#### [Problem to work on]
Give back exactly the lines of the data below, starting with the line that has "Mandalay Glamorous Sequin" and going on through the line that has "Shop Ferragamo Gancini".

#### [Short text fragments from websites]
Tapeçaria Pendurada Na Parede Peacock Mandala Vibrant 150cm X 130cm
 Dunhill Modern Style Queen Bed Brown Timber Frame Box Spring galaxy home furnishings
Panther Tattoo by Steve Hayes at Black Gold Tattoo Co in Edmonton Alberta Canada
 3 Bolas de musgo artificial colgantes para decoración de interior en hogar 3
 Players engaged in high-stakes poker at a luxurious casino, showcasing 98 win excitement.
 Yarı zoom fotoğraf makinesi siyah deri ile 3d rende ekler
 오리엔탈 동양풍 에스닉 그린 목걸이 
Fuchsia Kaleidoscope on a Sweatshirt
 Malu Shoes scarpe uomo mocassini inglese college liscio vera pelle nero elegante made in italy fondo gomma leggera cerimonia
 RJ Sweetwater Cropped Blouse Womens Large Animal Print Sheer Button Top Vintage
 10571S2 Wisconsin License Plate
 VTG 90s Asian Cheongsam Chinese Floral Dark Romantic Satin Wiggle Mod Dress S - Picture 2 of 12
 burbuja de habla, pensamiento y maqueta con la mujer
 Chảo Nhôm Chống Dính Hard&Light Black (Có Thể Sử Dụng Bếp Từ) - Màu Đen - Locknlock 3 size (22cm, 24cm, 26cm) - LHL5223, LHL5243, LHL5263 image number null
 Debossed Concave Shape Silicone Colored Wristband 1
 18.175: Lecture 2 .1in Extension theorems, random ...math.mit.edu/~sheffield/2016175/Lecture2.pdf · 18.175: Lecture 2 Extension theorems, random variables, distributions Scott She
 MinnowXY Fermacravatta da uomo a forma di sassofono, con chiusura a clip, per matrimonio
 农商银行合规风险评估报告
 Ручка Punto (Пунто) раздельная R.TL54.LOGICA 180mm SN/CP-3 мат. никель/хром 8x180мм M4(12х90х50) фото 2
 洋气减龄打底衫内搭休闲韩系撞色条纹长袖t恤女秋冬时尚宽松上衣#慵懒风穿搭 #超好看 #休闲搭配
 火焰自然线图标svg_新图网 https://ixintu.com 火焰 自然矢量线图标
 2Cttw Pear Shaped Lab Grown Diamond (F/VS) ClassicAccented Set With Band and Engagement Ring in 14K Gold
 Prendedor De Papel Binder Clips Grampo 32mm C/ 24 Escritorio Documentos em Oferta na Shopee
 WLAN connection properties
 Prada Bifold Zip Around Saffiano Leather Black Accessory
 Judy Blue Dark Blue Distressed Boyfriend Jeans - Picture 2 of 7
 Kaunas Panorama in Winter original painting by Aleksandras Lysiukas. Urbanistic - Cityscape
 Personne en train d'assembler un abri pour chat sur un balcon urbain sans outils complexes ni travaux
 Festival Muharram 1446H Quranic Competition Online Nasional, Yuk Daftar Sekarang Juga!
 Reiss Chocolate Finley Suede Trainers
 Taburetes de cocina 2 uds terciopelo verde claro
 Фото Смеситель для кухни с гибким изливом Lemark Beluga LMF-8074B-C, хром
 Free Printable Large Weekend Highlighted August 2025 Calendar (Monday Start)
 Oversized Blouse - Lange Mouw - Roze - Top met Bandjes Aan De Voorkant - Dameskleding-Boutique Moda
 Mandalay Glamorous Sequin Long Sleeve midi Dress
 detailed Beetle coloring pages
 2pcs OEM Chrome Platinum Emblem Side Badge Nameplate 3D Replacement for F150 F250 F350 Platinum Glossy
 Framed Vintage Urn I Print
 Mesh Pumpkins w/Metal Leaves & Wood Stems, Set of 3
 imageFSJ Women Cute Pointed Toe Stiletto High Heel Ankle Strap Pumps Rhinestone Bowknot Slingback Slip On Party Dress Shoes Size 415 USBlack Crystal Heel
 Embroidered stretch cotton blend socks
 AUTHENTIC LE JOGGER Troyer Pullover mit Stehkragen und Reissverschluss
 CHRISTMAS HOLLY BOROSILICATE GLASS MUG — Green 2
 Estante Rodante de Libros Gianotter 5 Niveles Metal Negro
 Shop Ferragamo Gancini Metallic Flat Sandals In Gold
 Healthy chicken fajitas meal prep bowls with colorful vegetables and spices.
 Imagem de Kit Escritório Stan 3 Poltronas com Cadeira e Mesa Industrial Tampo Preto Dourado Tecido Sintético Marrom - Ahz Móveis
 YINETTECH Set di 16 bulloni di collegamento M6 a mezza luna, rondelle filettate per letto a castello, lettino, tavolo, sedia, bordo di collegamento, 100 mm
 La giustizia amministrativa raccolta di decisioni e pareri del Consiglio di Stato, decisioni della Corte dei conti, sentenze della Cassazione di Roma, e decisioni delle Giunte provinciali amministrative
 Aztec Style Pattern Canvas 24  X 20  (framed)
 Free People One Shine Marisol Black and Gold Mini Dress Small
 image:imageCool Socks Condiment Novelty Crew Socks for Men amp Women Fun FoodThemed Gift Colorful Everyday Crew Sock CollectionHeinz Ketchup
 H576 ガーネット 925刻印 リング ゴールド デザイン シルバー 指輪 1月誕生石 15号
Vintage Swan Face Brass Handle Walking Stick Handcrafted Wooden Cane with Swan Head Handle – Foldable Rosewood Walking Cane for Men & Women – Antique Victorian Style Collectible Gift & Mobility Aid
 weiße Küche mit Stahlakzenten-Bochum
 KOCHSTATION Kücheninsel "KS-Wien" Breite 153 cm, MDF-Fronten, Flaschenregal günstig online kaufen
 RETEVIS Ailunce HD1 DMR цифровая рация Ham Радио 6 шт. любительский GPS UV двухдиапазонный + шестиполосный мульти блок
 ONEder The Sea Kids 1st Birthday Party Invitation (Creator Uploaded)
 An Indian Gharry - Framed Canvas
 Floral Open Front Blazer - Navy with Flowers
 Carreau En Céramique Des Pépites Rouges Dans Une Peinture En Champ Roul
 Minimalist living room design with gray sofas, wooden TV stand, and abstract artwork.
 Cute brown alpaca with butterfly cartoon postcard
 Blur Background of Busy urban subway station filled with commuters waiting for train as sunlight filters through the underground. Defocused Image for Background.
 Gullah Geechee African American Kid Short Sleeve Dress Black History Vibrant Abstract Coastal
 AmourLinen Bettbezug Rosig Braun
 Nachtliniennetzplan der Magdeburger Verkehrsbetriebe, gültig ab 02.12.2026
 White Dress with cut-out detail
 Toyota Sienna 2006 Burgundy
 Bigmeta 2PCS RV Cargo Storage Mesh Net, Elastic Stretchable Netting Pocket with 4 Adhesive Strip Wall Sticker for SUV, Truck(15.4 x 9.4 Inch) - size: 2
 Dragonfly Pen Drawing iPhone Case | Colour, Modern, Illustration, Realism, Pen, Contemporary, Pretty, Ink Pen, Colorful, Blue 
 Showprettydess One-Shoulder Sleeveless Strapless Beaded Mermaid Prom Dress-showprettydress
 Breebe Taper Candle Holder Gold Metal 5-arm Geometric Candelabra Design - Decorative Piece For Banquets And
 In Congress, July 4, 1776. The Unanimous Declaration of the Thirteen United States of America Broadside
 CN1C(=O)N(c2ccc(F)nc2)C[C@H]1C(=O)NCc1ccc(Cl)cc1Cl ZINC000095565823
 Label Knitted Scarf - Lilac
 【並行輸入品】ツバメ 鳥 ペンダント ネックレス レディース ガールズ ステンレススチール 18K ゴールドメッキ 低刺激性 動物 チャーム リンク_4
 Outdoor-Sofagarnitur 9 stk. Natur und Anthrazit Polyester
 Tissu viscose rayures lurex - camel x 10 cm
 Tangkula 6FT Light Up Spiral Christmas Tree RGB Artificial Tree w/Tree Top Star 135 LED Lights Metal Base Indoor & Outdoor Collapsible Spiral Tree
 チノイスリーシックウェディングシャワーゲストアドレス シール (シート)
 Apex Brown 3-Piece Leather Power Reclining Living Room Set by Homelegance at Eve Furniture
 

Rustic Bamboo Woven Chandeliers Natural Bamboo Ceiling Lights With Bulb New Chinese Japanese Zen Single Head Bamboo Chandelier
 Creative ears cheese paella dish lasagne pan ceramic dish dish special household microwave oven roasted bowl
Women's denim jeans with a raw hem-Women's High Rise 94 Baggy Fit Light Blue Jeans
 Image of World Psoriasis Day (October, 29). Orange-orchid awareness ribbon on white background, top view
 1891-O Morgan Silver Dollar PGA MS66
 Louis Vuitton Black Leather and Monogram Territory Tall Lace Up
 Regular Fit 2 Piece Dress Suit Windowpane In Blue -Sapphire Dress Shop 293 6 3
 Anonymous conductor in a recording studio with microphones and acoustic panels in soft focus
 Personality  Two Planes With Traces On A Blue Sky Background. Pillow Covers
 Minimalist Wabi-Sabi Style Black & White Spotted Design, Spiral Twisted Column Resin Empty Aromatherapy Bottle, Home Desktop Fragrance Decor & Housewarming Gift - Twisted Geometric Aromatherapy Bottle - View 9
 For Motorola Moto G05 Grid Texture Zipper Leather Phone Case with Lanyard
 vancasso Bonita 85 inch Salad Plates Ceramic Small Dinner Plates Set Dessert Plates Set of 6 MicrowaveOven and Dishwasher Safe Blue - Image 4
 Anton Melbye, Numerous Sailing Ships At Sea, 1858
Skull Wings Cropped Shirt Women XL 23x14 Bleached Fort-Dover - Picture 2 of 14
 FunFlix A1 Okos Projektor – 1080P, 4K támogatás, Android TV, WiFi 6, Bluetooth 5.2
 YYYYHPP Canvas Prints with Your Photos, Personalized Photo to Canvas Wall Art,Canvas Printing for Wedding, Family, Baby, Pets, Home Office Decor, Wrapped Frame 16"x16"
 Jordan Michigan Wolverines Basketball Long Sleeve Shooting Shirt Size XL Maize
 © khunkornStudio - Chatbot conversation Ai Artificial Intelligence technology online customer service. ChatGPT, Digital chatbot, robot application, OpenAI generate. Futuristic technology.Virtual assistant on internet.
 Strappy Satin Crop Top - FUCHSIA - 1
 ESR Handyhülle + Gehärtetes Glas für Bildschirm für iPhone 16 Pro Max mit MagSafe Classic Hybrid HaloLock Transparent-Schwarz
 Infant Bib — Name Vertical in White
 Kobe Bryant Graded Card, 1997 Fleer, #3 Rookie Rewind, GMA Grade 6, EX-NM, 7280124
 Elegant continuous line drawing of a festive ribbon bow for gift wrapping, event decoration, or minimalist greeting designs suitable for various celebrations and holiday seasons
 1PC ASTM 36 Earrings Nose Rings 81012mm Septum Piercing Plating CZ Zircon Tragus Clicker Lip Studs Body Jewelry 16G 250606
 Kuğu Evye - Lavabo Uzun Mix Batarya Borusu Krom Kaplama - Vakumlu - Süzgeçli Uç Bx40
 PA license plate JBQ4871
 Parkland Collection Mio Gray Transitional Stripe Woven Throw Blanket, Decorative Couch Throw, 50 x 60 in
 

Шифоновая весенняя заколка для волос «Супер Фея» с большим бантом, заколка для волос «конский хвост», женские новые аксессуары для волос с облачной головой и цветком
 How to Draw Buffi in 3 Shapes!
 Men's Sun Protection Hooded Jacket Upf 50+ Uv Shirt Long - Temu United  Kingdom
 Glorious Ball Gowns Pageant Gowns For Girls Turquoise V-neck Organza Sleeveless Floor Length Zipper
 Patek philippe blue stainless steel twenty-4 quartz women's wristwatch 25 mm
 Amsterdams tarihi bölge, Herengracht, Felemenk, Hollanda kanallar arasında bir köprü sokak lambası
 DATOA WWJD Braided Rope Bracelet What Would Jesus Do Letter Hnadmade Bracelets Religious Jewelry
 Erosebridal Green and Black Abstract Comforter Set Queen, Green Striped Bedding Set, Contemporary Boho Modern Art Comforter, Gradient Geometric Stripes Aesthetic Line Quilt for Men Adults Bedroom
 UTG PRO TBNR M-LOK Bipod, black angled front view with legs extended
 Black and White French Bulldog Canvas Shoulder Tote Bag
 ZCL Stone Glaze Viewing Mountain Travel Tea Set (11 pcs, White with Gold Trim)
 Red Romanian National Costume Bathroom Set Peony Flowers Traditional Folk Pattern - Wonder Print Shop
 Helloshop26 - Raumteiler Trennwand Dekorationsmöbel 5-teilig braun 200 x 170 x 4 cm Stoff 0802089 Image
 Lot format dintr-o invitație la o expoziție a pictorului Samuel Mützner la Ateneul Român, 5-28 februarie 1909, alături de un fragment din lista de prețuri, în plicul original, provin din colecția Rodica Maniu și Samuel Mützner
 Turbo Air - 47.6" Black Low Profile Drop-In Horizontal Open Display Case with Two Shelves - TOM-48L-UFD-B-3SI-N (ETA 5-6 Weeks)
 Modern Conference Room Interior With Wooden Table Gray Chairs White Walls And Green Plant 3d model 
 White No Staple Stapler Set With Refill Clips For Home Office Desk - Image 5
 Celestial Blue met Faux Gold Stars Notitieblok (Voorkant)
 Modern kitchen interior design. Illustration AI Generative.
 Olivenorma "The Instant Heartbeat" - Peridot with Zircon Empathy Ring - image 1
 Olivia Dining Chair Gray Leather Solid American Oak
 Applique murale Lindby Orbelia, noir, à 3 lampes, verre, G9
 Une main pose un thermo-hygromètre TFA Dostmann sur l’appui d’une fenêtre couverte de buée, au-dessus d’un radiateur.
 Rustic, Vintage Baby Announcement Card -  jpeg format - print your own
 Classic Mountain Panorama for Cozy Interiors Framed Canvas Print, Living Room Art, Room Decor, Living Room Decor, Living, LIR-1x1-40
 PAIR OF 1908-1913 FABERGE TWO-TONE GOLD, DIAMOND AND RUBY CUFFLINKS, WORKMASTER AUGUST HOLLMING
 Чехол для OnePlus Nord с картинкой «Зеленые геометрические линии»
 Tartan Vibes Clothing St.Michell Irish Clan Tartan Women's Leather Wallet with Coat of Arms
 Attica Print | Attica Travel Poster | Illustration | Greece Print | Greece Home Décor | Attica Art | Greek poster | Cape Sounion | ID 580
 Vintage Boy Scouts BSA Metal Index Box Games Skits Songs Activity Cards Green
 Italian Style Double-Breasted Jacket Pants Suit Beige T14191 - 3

#### [Answer section]
 Mandalay Glamorous Sequin Long Sleeve midi Dress
 detailed Beetle coloring pages
 2pcs OEM Chrome Platinum Emblem Side Badge Nameplate 3D Replacement for F150 F250 F350 Platinum Glossy
 Framed Vintage Urn I Print
 Mesh Pumpkins w/Metal Leaves & Wood Stems, Set of 3
 imageFSJ Women Cute Pointed Toe Stiletto High Heel Ankle Strap Pumps Rhinestone Bowknot Slingback Slip On Party Dress Shoes Size 415 USBlack Crystal Heel
 Embroidered stretch cotton blend socks
 AUTHENTIC LE JOGGER Troyer Pullover mit Stehkragen und Reissverschluss
 CHRISTMAS HOLLY BOROSILICATE GLASS MUG — Green 2
 Estante Rodante de Libros Gianotter 5 Niveles Metal Negro
 Shop Ferragamo Gancini Metallic Flat Sandals In Gold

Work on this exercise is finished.